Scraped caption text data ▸

•••••

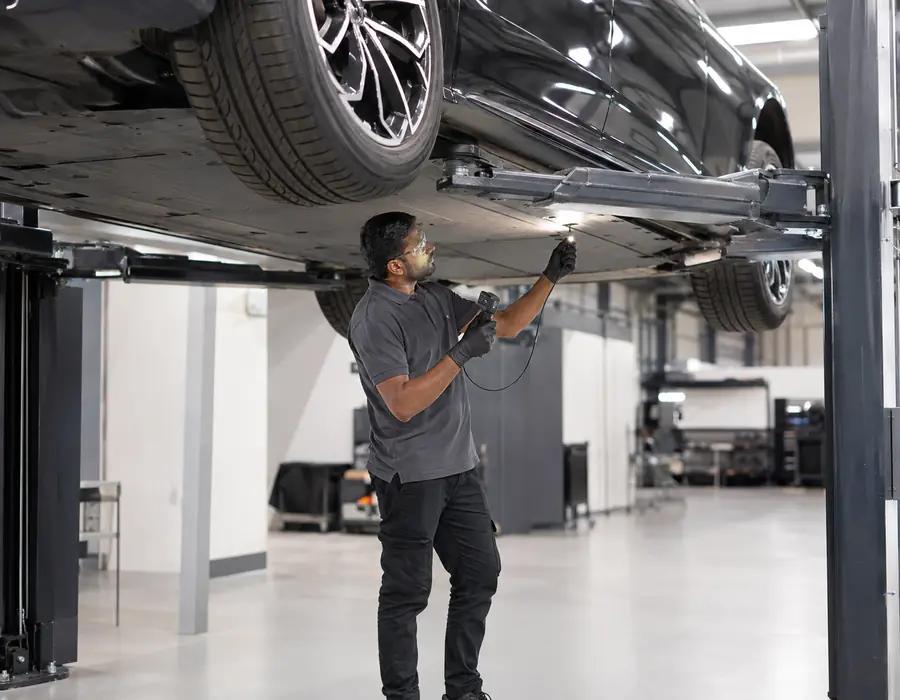 Underbody Contact Needs a Deliberate View Technician inspecting Mercedes-Benz EQS underbody contact near protective covers and EV boundaries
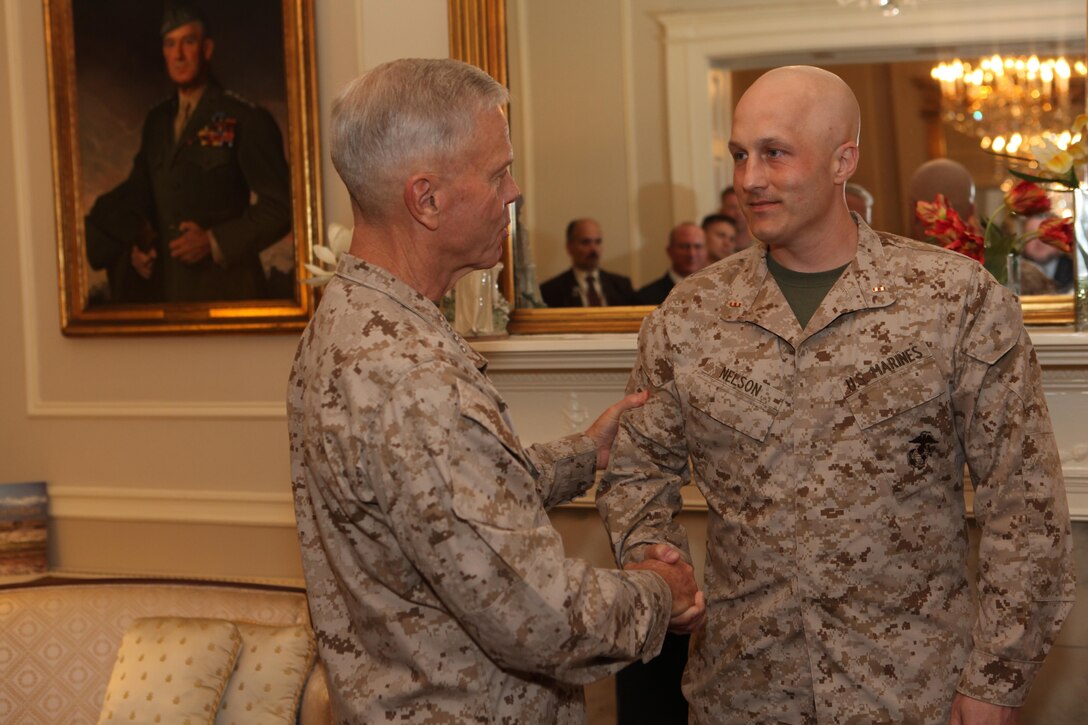 Gen. James F. Amos, the 35th Commandant of the Marine Corps, promotes Jody R. Nelson to the rank of Chief Warrant Officer 2 in the Home of the Commandants, Marine Barracks Washington, D.C., on Aug. 1, 2013. (U.S. Marine Corps photo by Sgt. Marionne T. Mangrum)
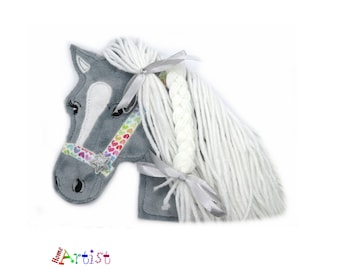 May include: Gray horse head plush toy with a rainbow heart patterned bridle and a white yarn mane and tail. The mane is braided and tied with a silver ribbon.
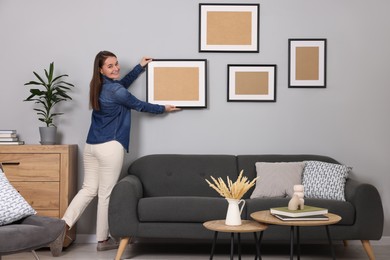 Woman hanging picture frame on gray wall at home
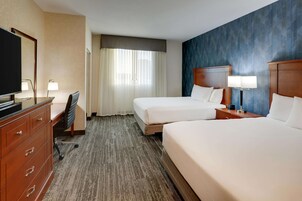 A hotel room with two beds, a desk with a chair, a TV, and a lamp.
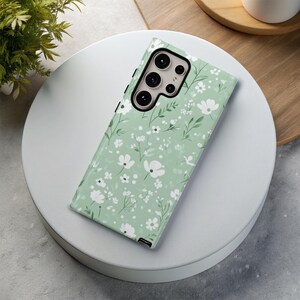 May include: A green phone case with a white floral pattern. The case has a cutout for the camera lens.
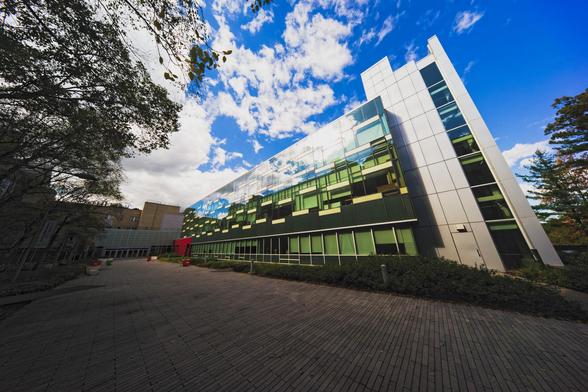 Modern has the close end on right seeming to bend away from us and receedes to the left with an elaborate glass facade that reflects a blue and white cloudy sky above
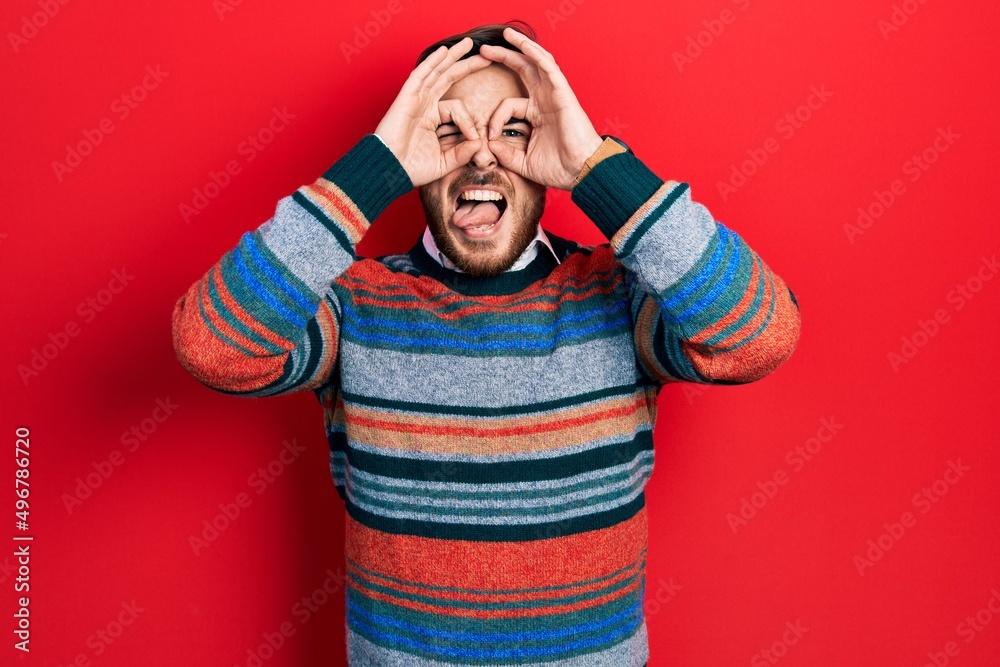 Handsome caucasian man with beard wearing elegant wool winter sweater doing ok gesture like binoculars sticking tongue out, eyes looking through fingers. crazy expression. Handsome caucasian man with beard wearing elegant wool winter sweater doing ok gesture like binoculars sticking tongue out, eyes looking through fingers. crazy expression.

•••••

Assignment ▸ Print all data above verbatim, except pictures.

Output ▸
 Underbody Contact Needs a Deliberate View Technician inspecting Mercedes-Benz EQS underbody contact near protective covers and EV boundaries
 Gen. James F. Amos, the 35th Commandant of the Marine Corps, promotes Jody R. Nelson to the rank of Chief Warrant Officer 2 in the Home of the Commandants, Marine Barracks Washington, D.C., on Aug. 1, 2013. (U.S. Marine Corps photo by Sgt. Marionne T. Mangrum)
 May include: Gray horse head plush toy with a rainbow heart patterned bridle and a white yarn mane and tail. The mane is braided and tied with a silver ribbon.
 Woman hanging picture frame on gray wall at home
 A hotel room with two beds, a desk with a chair, a TV, and a lamp.
 May include: A green phone case with a white floral pattern. The case has a cutout for the camera lens.
 Modern has the close end on right seeming to bend away from us and receedes to the left with an elaborate glass facade that reflects a blue and white cloudy sky above
 Handsome caucasian man with beard wearing elegant wool winter sweater doing ok gesture like binoculars sticking tongue out, eyes looking through fingers. crazy expression. Handsome caucasian man with beard wearing elegant wool winter sweater doing ok gesture like binoculars sticking tongue out, eyes looking through fingers. crazy expression.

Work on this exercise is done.